I'm Wolf Blitzer and you are in THE SITUATION ROOM.

President Obama is on his way back to Washington right now. He spent the weekend in Florida playing golf and avoiding cameras.

BOLDUAN: That's for sure. CNN obtained these exclusive faraway pictures of the president out on the course today. And the video was pretty difficult for our photographer, Peter Morris (ph), to capture. But Peter did a great job, but we have seen nothing of the president's weekend round of golf with Tiger Woods.

Brian Todd has been looking into this and joining us now.

Brian, I guess we always ask this sometimes, but I think it's definitely appropriate this time. Why all the secrecy?

BRIAN TODD, CNN CORRESPONDENT: No clear answers on that, Kate.

Wolf, the White House said media access for his game with Tiger Woods was "consistent with other presidential golf outings." But the press corps has complained about that and the political optics don't look great for Mr. Obama.

(BEGIN VIDEOTAPE)

TODD (voice-over): They're the two most high-profile people in their fields. Tiger Woods in golf and President Obama in, well, almost everything else. We know they played golf together this past weekend. But we have more visuals of the president's inner circle reaching a top secret mission the night Osama bin Laden was killed than we have of Mr. Obama and Tiger Woods together during that golf outing.

The media covering the president was shut out. The press corps complained. The White House responded by saying the White House was consistent with previous presidential golf outings.

It's not unusual for President Obama to go golfing away from the media glare. He's golfed here at the Army/Navy Country Club and at other places and the press hasn't been allowed to capture those moments, either. And Mr. Obama's not the only president whose golf outings were sensitive politically.

George W. Bush got slammed politically after this moment in 2002. GEORGE W. BUSH, FORMER PRESIDENT OF THE UNITED STATES: I call upon all nations to do everything they can to stop these terrorist killers. Thank you. Now watch this drive.

TODD: President Bush stopped playing golf when the U.S. went to war in Iraq. CNN senior political analyst Ron Brownstein says the get-together between President Obama and Tiger Woods could be a similar moment.

RON BROWNSTEIN, CNN POLITICAL ANALYST: It's not the biggest deal in the world to go golfing with Tiger Woods, but I do find it hard to believe that his staff would have not kind of laid down in front the tracks to prevent this before the election.

TODD: Brownstein says the president golfing with Woods, who was embroiled in a scandal involving multiple counts of marital infidelity, wouldn't have played well with women voters.
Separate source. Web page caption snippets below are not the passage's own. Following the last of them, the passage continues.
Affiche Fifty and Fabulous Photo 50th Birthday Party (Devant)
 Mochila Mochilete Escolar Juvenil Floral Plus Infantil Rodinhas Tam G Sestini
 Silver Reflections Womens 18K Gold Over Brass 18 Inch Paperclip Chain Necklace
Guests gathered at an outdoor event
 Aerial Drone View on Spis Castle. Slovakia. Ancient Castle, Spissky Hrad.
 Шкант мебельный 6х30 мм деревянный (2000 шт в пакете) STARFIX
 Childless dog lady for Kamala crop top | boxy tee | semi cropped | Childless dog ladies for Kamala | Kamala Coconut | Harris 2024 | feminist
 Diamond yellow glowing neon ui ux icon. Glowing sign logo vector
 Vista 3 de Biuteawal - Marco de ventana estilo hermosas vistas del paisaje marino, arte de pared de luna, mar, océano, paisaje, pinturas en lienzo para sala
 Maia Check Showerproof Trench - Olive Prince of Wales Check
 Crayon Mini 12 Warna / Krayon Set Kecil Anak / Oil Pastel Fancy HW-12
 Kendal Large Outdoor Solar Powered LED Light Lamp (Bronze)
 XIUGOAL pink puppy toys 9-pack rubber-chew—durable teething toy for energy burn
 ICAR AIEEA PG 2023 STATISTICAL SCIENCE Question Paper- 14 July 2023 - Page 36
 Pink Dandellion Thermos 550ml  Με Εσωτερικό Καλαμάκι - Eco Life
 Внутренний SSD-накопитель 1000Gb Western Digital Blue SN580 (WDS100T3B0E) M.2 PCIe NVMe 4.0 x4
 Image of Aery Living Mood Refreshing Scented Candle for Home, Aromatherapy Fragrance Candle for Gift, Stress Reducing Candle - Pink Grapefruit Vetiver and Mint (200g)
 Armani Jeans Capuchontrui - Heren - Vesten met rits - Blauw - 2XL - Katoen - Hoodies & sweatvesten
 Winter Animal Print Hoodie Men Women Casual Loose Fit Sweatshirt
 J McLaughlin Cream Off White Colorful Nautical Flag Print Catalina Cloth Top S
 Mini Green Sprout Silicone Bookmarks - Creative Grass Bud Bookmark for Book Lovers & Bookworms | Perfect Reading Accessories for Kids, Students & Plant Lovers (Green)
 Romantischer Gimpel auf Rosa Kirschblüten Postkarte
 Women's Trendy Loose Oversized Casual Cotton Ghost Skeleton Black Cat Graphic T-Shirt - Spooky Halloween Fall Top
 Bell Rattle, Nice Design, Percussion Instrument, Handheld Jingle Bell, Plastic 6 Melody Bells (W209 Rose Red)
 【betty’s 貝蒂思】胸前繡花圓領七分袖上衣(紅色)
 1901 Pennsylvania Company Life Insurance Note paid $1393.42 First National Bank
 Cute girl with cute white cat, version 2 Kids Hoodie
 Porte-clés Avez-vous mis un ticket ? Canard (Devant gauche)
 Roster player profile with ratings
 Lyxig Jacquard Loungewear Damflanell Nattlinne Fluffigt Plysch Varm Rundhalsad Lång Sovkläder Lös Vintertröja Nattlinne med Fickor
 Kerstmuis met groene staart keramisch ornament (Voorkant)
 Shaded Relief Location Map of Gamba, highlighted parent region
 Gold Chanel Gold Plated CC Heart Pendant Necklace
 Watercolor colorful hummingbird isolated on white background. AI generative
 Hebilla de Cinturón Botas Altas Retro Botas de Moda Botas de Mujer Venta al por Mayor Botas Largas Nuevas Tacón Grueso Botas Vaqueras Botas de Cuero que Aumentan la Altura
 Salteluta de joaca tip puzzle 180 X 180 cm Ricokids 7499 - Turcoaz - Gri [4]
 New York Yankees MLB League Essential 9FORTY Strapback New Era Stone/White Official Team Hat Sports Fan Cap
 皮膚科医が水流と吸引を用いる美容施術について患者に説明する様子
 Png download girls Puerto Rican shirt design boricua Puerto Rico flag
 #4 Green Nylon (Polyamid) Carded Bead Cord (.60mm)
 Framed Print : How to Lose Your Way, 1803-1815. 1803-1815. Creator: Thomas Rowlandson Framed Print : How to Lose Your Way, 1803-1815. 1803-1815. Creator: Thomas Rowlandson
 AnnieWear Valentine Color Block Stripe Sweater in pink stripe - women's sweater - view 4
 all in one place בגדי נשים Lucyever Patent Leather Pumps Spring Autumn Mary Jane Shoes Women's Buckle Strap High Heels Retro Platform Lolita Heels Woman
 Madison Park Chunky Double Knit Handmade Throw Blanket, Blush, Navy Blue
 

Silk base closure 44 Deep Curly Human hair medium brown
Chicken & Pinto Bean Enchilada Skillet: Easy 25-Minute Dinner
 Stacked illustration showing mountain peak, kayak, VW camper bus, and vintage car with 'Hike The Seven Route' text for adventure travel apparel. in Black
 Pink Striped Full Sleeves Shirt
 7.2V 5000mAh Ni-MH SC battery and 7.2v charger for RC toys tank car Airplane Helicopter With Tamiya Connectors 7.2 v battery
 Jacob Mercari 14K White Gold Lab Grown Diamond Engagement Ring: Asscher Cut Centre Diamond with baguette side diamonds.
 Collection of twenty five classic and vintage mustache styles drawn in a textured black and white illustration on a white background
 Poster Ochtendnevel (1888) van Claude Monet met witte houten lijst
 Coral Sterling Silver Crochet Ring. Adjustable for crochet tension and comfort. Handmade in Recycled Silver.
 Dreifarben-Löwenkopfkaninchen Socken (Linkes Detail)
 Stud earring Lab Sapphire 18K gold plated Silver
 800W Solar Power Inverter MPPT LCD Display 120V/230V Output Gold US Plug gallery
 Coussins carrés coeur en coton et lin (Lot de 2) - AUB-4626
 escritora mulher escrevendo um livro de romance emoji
But there are other optics as well. The so-called sequester is looming. The automatic spending cuts that could help a lot of people financially. While that deadline is less than two weeks away, the president is vacationing at a club called The Floridian, where according to "Golf Digest," it costs at least $25,000 to join by invitation only, and $12,000 in annual dues. Not exactly in reach for the middle-class voters Mr. Obama was trying to win over last year."Palm Beach Post" golf writer Brian Biggane was there recently.

BRIAN BIGGANE, "PALM BEACH POST": Pretty much everything is gated. Security at every turn. It's so private and quiet, I literally drove past it before I realized it was there.

(END VIDEOTAPE)

TODD: Contacted by CNN, White House spokesman Josh Earnest said -- quote -- "I don't think the American people begrudge their president spending a rare weekend outside Washington with some friends on the golf course. That said, the military aides, White House staffers and Secret Service agents who with him are a reminder that he is never far from the responsibilities of his job," that a statement from White House spokesman Josh Earnest, Wolf.

BLITZER: It may be consistent with White House policy in avoiding pictures of the president playing golf with various people or whatever their excuse is, but playing golf with Tiger Woods, that's extraordinary.

That's something that they should let the White House press corps get in there. A pool camera should get a shot of that.

TODD: It is extraordinary.

BLITZER: I speak as a former correspondent and member of the White House press. That's something they should let us get access to. The American public would like to see that.

TODD: I think everybody would have wanted to see that. It's extraordinary.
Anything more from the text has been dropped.